Сэдрик показал мне своё тюремное тату, и рассказал, как белые гнали его по Бруклину, выкрикивая «нигер!». «Мы, в свою очередь, – говорит, – никого не гоняли. Так, разве что, могли наличку проверить, ну или там вопрос задать, мол, wassup, white boy?». Он потирает свой бицепс с досадой. «Я бы с радостью заменил эту татуху на что-нибудь религиозное. Ну, или фото моей матери». Пару лет назад, когда кто-то изнасиловал еврейскую девочку, хасиды в больших меховых караваях разгуливали по улицам Уилльямсбурга с обрезами «и это была ёбаная Матрица, чувак». Сегодня Сэдрик боится всего. Водителей, «которые оставляют тебя подыхать на обочине», поколение крэка, чьи дети «вырежут твоё сердце просто из тупости», подростковые банды «синих, красных и жёлтых маек».
«Пусть один глаз всегда висит на спине, братан, хотя… ты уже опоздал, ещё пару лет назад люди ебались и резали друг друга прямо тут у метро».

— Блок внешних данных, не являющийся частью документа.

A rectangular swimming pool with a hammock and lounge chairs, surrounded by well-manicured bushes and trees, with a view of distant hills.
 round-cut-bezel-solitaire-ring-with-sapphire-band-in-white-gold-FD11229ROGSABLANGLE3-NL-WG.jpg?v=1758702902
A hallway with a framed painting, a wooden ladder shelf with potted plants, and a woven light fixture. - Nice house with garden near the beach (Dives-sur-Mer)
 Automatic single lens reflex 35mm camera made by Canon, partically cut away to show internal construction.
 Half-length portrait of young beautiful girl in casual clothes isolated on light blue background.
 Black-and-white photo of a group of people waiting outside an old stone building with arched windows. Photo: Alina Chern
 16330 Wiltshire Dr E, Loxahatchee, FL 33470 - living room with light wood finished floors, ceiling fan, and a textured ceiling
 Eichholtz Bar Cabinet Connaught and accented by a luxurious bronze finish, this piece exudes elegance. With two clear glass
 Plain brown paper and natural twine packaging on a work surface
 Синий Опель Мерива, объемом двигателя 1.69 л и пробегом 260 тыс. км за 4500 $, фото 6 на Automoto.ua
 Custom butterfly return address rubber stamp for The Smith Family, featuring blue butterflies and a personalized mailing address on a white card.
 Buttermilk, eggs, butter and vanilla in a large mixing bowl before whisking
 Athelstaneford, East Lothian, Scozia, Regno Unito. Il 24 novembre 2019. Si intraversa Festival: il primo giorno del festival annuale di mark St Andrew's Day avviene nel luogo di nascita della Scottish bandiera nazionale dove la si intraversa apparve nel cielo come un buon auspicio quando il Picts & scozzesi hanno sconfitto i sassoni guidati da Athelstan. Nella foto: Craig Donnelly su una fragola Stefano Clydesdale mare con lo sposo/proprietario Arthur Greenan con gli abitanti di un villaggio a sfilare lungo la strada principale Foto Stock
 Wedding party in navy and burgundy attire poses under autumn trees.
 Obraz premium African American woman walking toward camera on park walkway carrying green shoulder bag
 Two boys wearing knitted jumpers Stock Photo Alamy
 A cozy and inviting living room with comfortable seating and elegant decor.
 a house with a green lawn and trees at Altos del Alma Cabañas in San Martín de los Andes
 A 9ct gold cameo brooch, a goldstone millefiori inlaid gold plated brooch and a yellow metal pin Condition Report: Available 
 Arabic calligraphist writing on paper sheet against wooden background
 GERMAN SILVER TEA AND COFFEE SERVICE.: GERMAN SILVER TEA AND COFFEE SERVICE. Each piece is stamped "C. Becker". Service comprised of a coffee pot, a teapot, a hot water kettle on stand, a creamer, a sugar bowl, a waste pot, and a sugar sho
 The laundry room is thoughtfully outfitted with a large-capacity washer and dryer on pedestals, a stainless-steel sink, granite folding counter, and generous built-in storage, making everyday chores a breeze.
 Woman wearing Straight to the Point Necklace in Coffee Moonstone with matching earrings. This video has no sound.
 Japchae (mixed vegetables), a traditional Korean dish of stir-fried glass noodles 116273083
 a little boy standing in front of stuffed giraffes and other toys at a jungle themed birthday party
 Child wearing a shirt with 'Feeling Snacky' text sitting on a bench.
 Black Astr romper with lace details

Сэдрик – родной. Даже будучи сломленным, он остаётся настоящим. Рассказывая истории, он щедро раскрашивает их инсценировками и перевоплощениями. В его речи то и дело открываются порталы, сквозь которые мне виден миражный Нью-Йорк, – Нью-Йорк, уносящийся прочь. Когда братки выкатывают в центр улицы свои лоу-райдеры, наполненные шлюхами и битом, я смотрю на них, очарованный, как на корабли, которым вот-вот предстоит отчалить навсегда.
Сэдрик достаёт телефон: «Ну чё, позырим как мой кузен про бабло читает?».